I am currently reading a book titled Quiet – The Power of Introverts in a World That Can’t Stop Talking by Susan Cain, and I can’t help thinking to myself, Yes! Yes! Yes!


For years I thought I was just being sensitive to the cacophony of sound in the workplace, the arrogance, constant self promotion and the me, me, me! Don’t get me wrong, if that is what floats your boat, all power to you. It goes against my grain, and that is ok too.

Much of my professional work life has been in marketing, an industry that thrives on being larger than life, loud and brash, an irony which is not lost on me.
I have managed to carve myself a small creative niche, but as the world becomes more global and even louder, I finally realise why I have always felt so unsettled.

Loud, grating voices, intrusive mobiles, noise and big personalities, things that often drive me crazy, when all I really want is a quiet space to think. My brain isn’t wired to filter this mishmash of noise and as I read this book I am beginning to understand why.

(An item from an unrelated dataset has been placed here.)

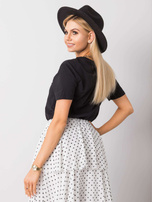 Czarny t-shirt Alessia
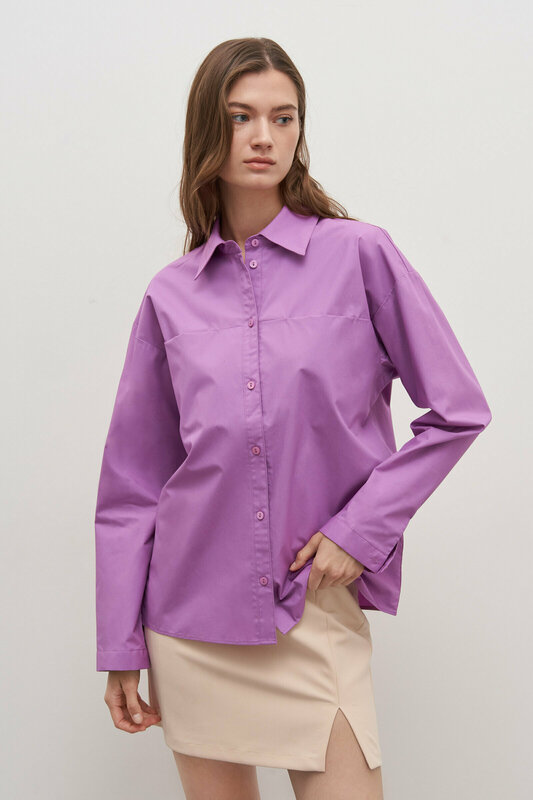 Блуза FINN FLARE, размер L, фиолетовый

Society would like us to believe that to be successful we all need to be team-oriented, loud and competitive, some of this I can do, but most of it leaves me cold. I loathe open plan offices and the constant ‘we must work as a team philosophy’. Some of us are simply more productive when left to our own devices in a quiet space. After years working in busy environments I can hold my own, but it is definitely not my natural working state and often leaves my soul drained.

I can lose a day in my drawing and painting, and manage to disconnect from much external interference. It is in these moments of immersion my best work emerges. It may have taken me half a lifetime to realise, but there is nothing wrong with wanting to work in the background, there are more than enough extraverts in the world to pick up the slack.

The further I read into this insightful book, the more I am learning to be content in my own skin.
I no longer beat myself up about not wanting to be up in the mix. The time and space I have to myself is helping me to become a stronger, more prolific artist.